Da kam der Tag, da die Königin einen Sohn gebären sollte, und zur selben Stunde sollte solches auch der Magd widerfahren. Die Diener holten eine weise Frau herbei, die genoss um ihrer Klugheit und geheimer Künste willen ein großes Ansehen rings im Land. Sie hob den Sohn des Königs ans goldene Sonnenlicht und hob auch den Sohn der Magd. Dann hüllte sie das Königskind in grobes Linnen und legte es neben die schlafende Magd, das Kind aber, das die Magd geboren als eines Knechtes Sohn, wickelte sie in weiche Seide und bettete es auf das Lager der Königin. Als die Mütter erwachten, herzte jede das Kind in ihrem Arm.

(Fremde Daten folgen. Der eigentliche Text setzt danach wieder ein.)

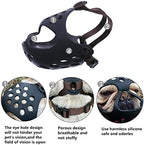 The quick-release buckle and collar attachment loop on the JYHY pet training muzzle.
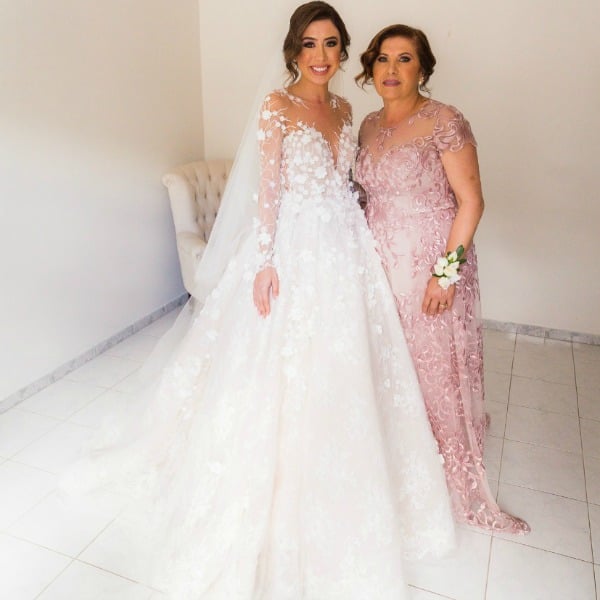 This wedding is pure glam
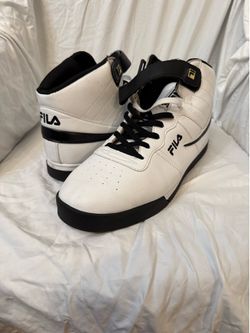 Fila Men’s Vulc 13 Mid Plus. Size 15. White/ Black.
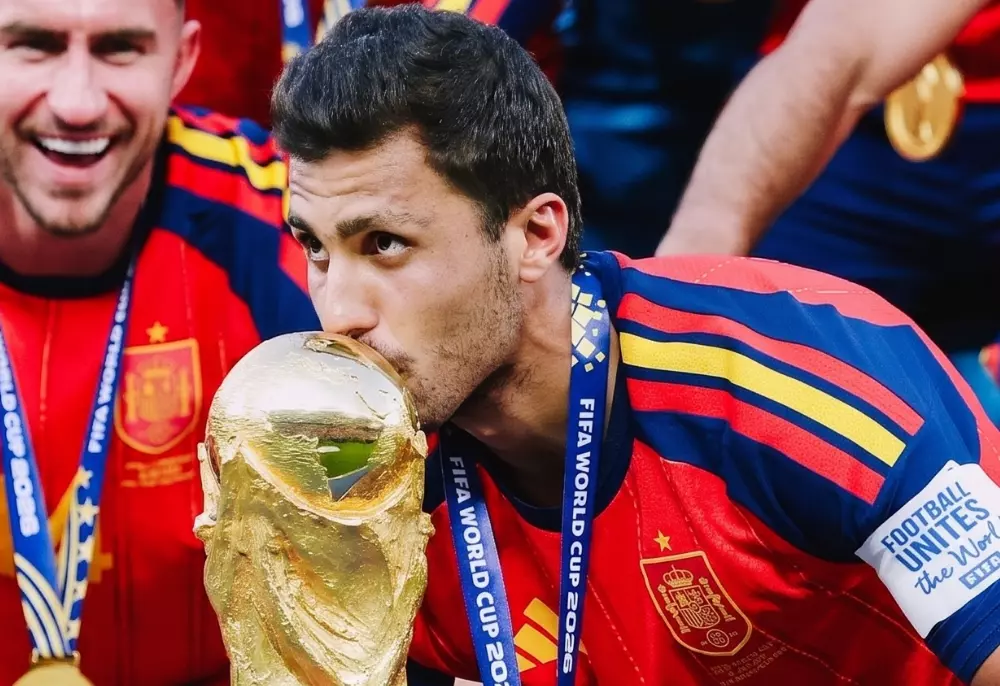 Rodri Menaklukkan Dunia dengan Cara Menjadi Sangat Biasa di Luar Lapangan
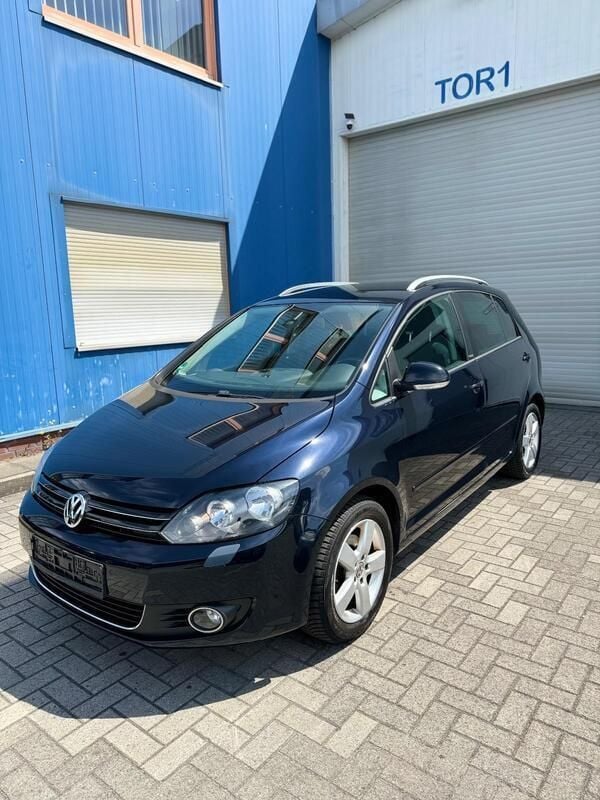 Blau Gebraucht 2011 VW Golf Plus Style Van / Kleinbus | 5.990 € (Fairer Preis) - Bild 1/4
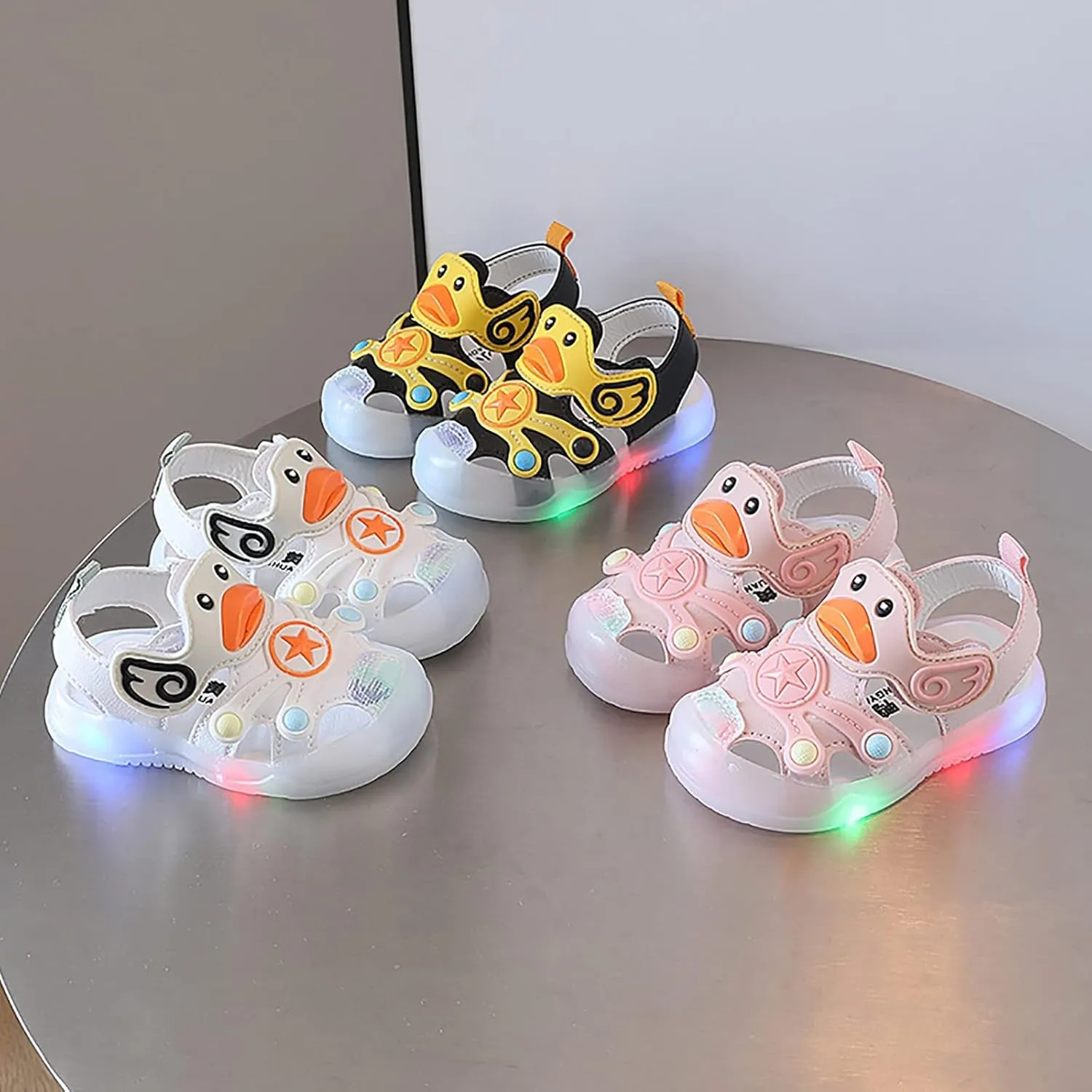 Light Up Baby Animal Sandals Children Cute Cartoon Soft Sole Summer Fashion Breathable Outdoor Play Beach Shoes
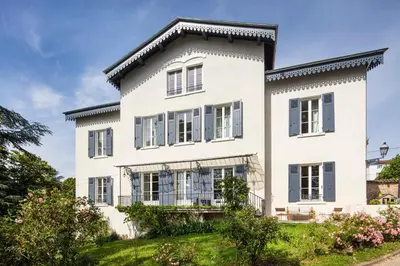 Jardin de l'établissement Harmonie - Maison spacieuse avec piscine à Oullins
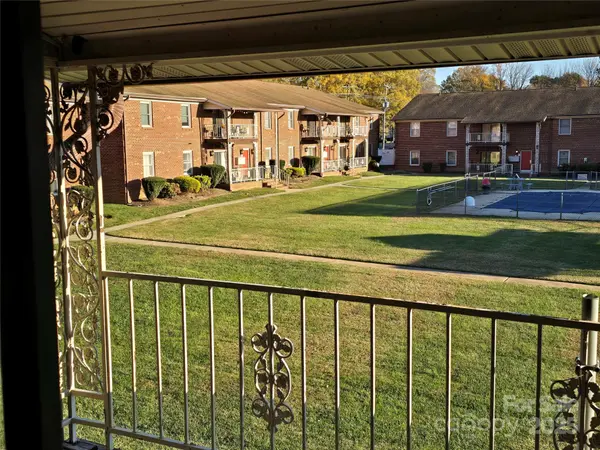 119 Carriage House DR, Kannapolis, NC 28081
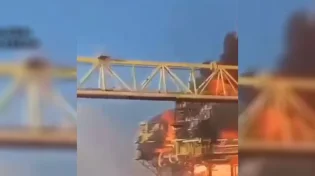 מקסיקו: שדה הנפט הימי עלה בלהבות - צפו
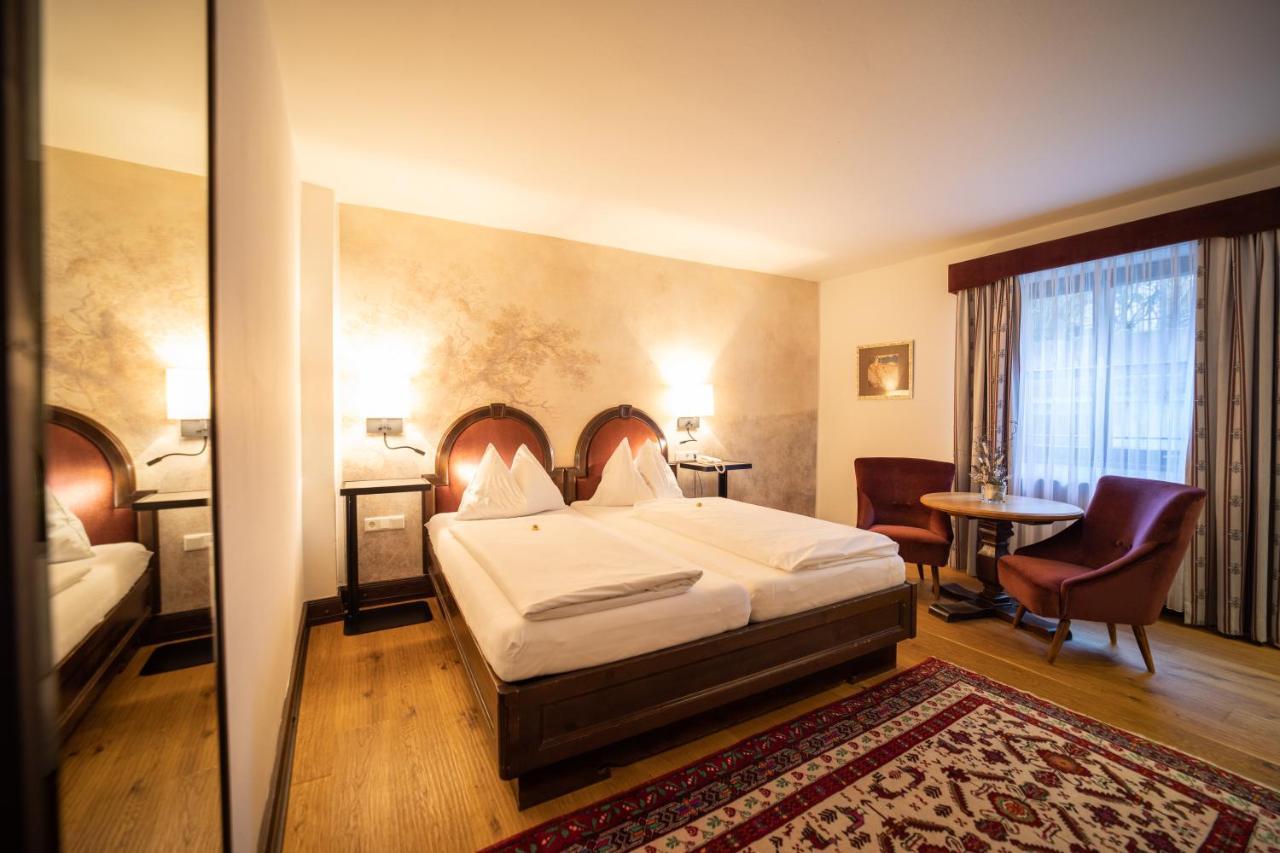 Altstadt Hotel Stadtkrug Salzburg Exterior photo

Die Knaben wuchsen schön und kraftvoll heran. Der Sohn des Knechtes wurde im Palaste geehrt und erhoben über alle Söhne des Landes. Er war der nächste unter dem Könige und saß auf silbernem Sessel neben dem Throne. Er wurde unterwiesen in allem, worin die Weisen des Landes und die Räte des Königs kundig waren. Der Sohn des Königs aber blühte unter dem niederen Dache eines Knechtes auf, und der Grund seines Herzens und sein helles Auge waren die einzigen Quellen seiner Weisheit. Wiewohl er einen niederen Mann Vater nannte, erfand man an ihm stolze Art und ein freies Wesen. Über alles liebte er die einsamen Pfade des Gebirges und mied es, der Lärmenden Genosse zu sein. Dem aber, der im Palaste weilte, war fremd und kalt zumute in dem blanken Schimmer der Königshalle, und er blickte oft hinaus, wo zwei Säulen sich öffnen und des Himmels Farbe hineinscheint, und sein Herz zog ihn zu dem Ackersmann, der mit dem Pfluge die schwarze Erde durchschneidet.

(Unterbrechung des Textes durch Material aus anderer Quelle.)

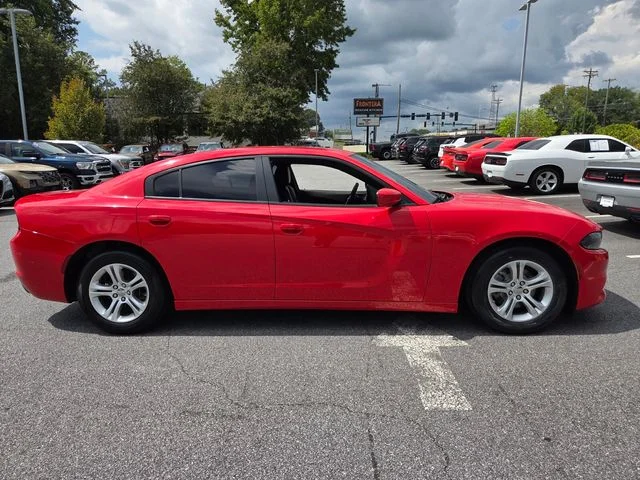 Used 2022 Red Dodge SXT image 10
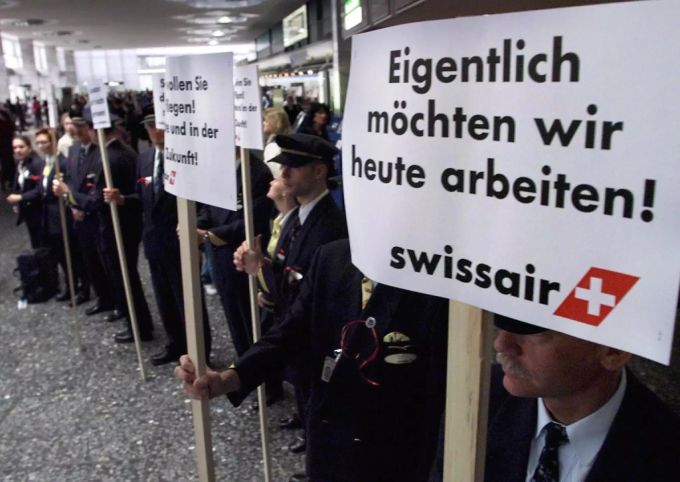 Die Piloten und das Bodenpersonal der Swissair protestieren gegen das Sterben der Swissair Anfang Oktober 2001. Swissair
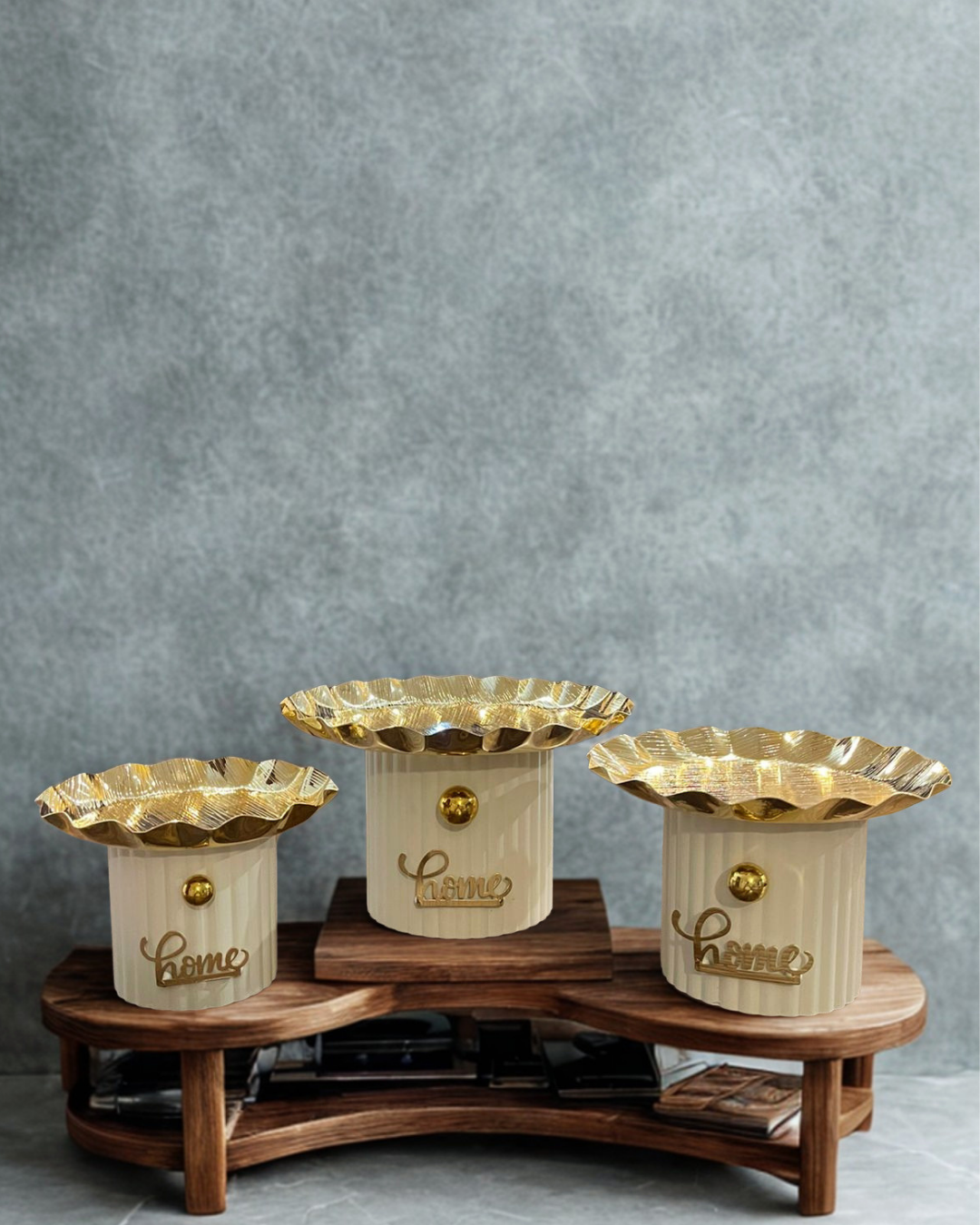 Luxury Gold & Cream Decorative Cake Tray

Die weise Frau aber hauste draußen vor der Stadt, wo der Wald anhebt, in einem Hüttlein. Sie war gar grau und trug die Last vieler Jahrzehnte und fühlte ihren Tod nahen. Da bedrückte sie das Geheimnis sehr, dass sie des Königs Sohn vertauscht hatte mit dem Sohne der Magd. Und ob sie gleich weise war und verborgener Kräfte kundig, verursachte es ihr doch nach der Weiber Art Pein, ihr Geheimnis in ewige Weile zu verschweigen. Da trat sie an das Fenster ihrer Hütte und redete es behutsam vor sich hin, dass es keiner vernehme als nur der Wind, der die Blätter der Birke regt. Der Wind jedoch trug es eilends den Weibern und Kindern zu, die im Walde Schatten und süße Beeren suchten. Die Frauen erzählten es daheim ihren Männern, und jeder Mann vertraute es beim Abendtrunk seinem liebsten Freund. Die Männer der Stadt aber redeten so untereinander: „Lasset uns das Geheimnis wohl vor dem König bewahren, auf dass Unheil und Zweifel seine alten Tage nicht heimsuchen! Denn was sich ereignet hat, ist nicht zu bessern. Sollen wir den Jüngling, der in niederem Hause großwuchs, dereinst als König über uns setzen? Und kann nicht auch alles Lüge sein und eine müßige Mär?“

Dennoch war einer in ihrer Mitte, der ging hin und verriet es dem falschen Königssohn und sprach: „Wisse, dass viele im Volke sind, die dich als den Sohn der Magd erachten, und gar leicht, denk ich, möchte einst die Zeit kommen, da sich das Land wider dich empört und jenen an deine Stelle hebt, trägst du nicht beizeiten Sorge, dass er verderbe.“ Als der falsche Königssohn dies vernahm, ging er in die dunkelste Kammer seines Schlosses und sann Böses. Von Stund an verließ ihn der Unmut nimmer. Er ritt im Morgengrauen mit seinen Genossen aus und zertrat die Saat auf den Feldern des Mannes, der in Wahrheit sein Vater war. Und fortan tat er ihm Schaden an, wo er konnte.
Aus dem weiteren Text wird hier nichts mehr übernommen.